I have about a 40 foot black walnut tree that is going to need to be brought down because its dying from to much water. Does anyone know of what to use to seal the ends of logs to keep it from cracking? I'll probably get about a 20 foot log out of this tree and its about 3 feet in circumference. Does anyone know how much I could ask for the log? I haven't cut it down yet so I don't know what its like inside. Any help would be appreciated.


----------



## badkarma (Mar 13, 2012)

Try Anchorseal. 




damato333 said:


> I have about a 40 foot black walnut tree that is going to need to be brought down because its dying from to much water. Does anyone know of what to use to seal the ends of logs to keep it from cracking? I'll probably get about a 20 foot log out of this tree and its about 3 feet in circumference. Does anyone know how much I could ask for the log? I haven't cut it down yet so I don't know what its like inside. Any help would be appreciated.


----------



## forestgreen (Mar 19, 2012)

Let us know if you are able to reuse it, I have always loved those sealed tables that keep their tree look. If you complete the project definitely put up some photos.


----------



## damato333 (Mar 19, 2012)

I am no wood worker. So I won't be doing 
anything with it. But I want to try to sell it or barter with it.


----------



## twoclones (Mar 23, 2012)

damato333 said:


> I am no wood worker. So I won't be doing
> anything with it. But I want to try to sell it or barter with it.



As a sawmill owner, I think anyone with a walnut tree or log should watch this video before trying to sell it.  

[video=youtube_share;agcLlKcXp40]http://youtu.be/agcLlKcXp40[/video]


----------



## discounthunter (Mar 23, 2012)

good old latex paint will work,not the best sealer but will work. just keep an open mind that your tree is worth nothing unless someone wants it,even walnut .


----------



## peterrum (Mar 25, 2012)

Discount hunter is right, latex paint will work, multiple coats of it though, but for a walnut you are better off going for something better and that is the Anchorseal. I mill with both a bandsaw and a chainsaw mill. I have had walnuts offered to me before for silly prices and the little cartoon video is bang on. The wood inside might not be any good so I myself would not risk my cash on the unknown. 

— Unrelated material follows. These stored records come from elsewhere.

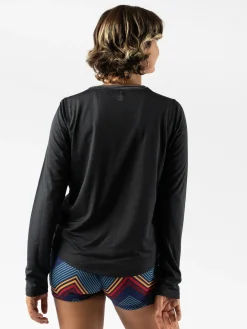Clearance Race Pace Tee LS Women Long Sleeves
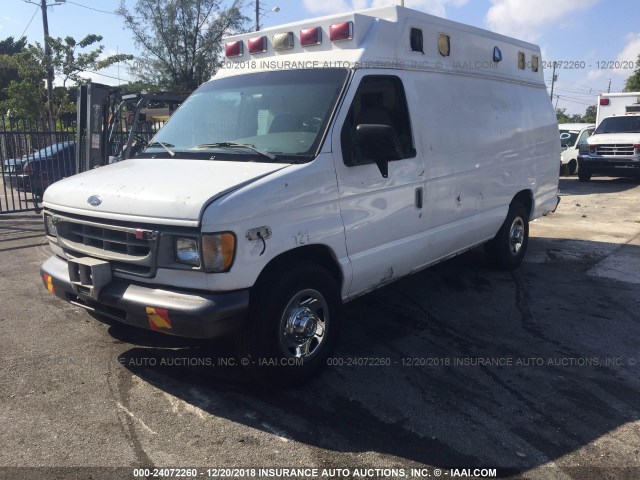 1FDSS34F22HA27932 - 2002 FORD ECONOLINE E350 SUPER DUTY VAN WHITE photo 2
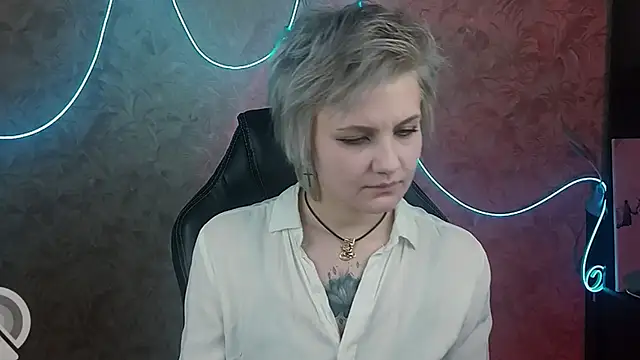 Snapshot of EvaBrownie chatting on 01-27-25, 05:48 EvaBrownie online show from 01-27-25, 05:48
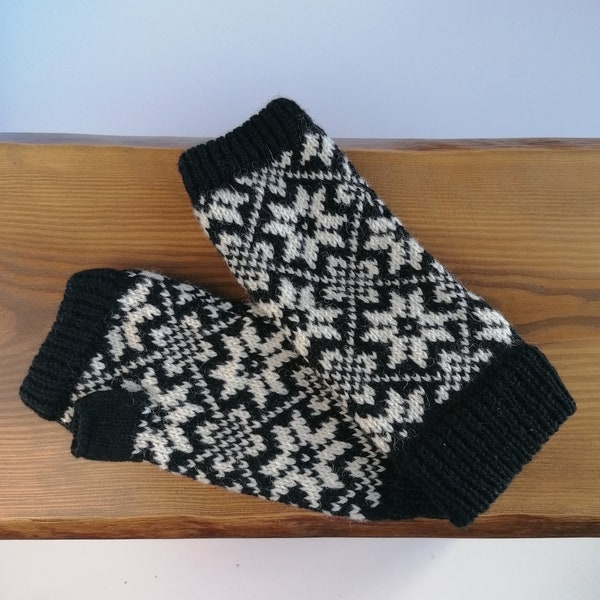 Gloves without fingers, natural wool knit , nice nordic star pattern with accent colour, soft and warm arm cuffs for women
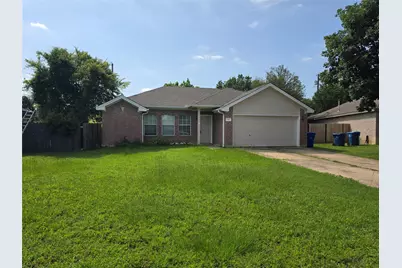 305 China Cove, Elgin, TX 78621 - Photo 1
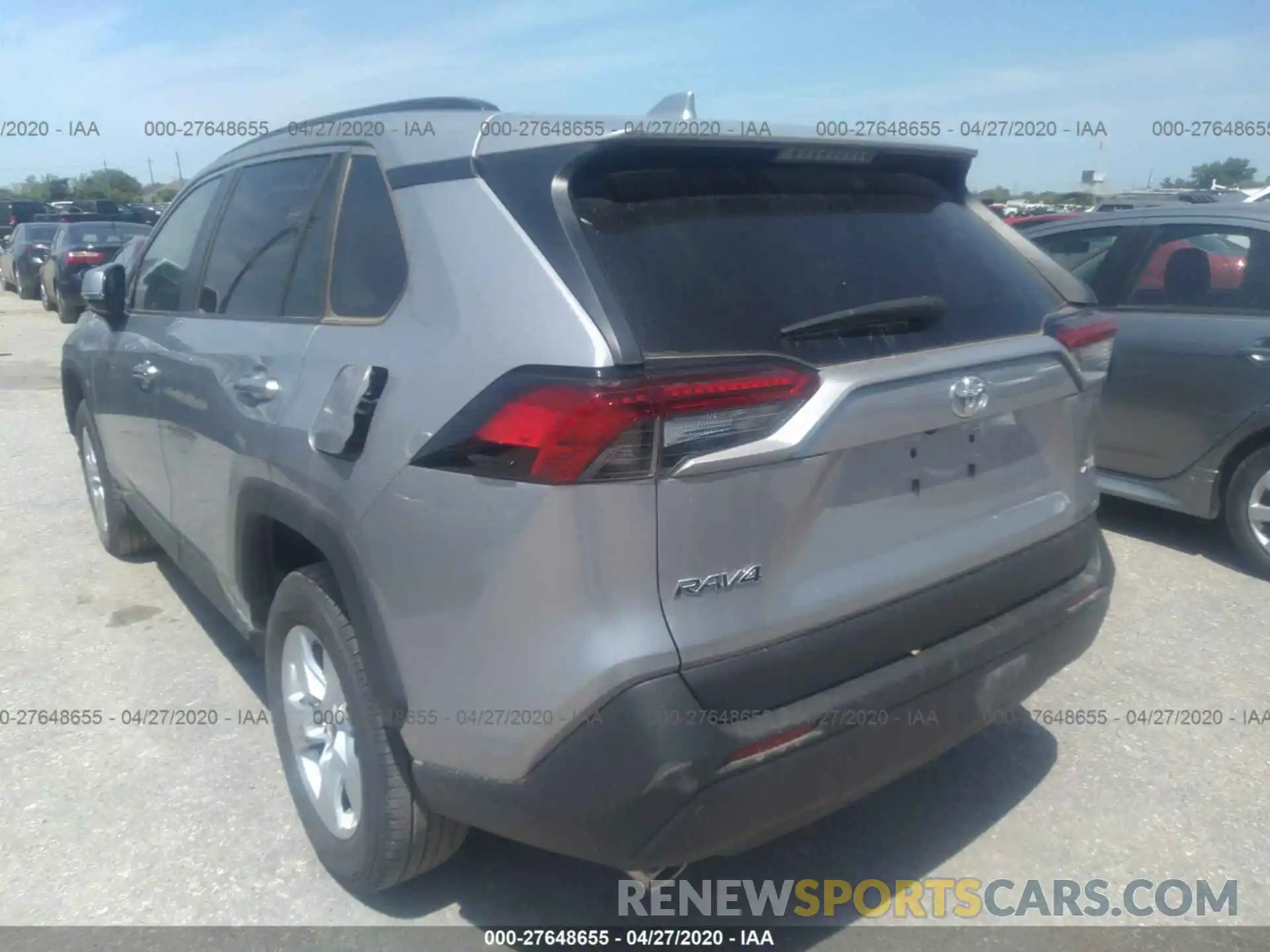 3 Photograph of a damaged car 2T3W1RFV1KC003620 TOYOTA RAV4 2019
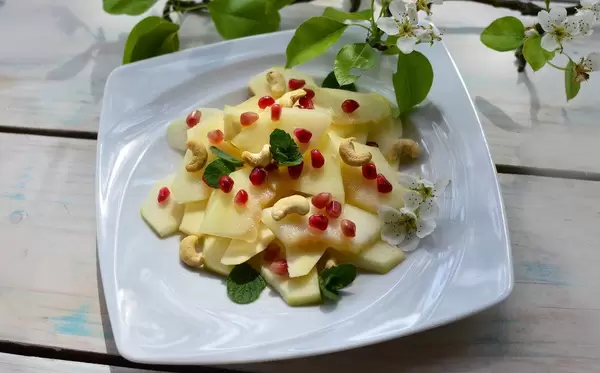 Salad with pear, pomegranate seeds and cashew nuts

Sometimes I will work out a deal with a person that I will mill the log, I get to keep half the boards and they can keep the other half. You would get more for the milled boards at the end of the day but you would have to find someone that would work a deal like that. If I lived closer I would probably offer that.

I think that it would be much easier for you to find interest in purchasing the milled would rather than the log. At the same time any miller would probably be able to tell you how best to stack it properly until you sell it. 

Good luck with it.


----------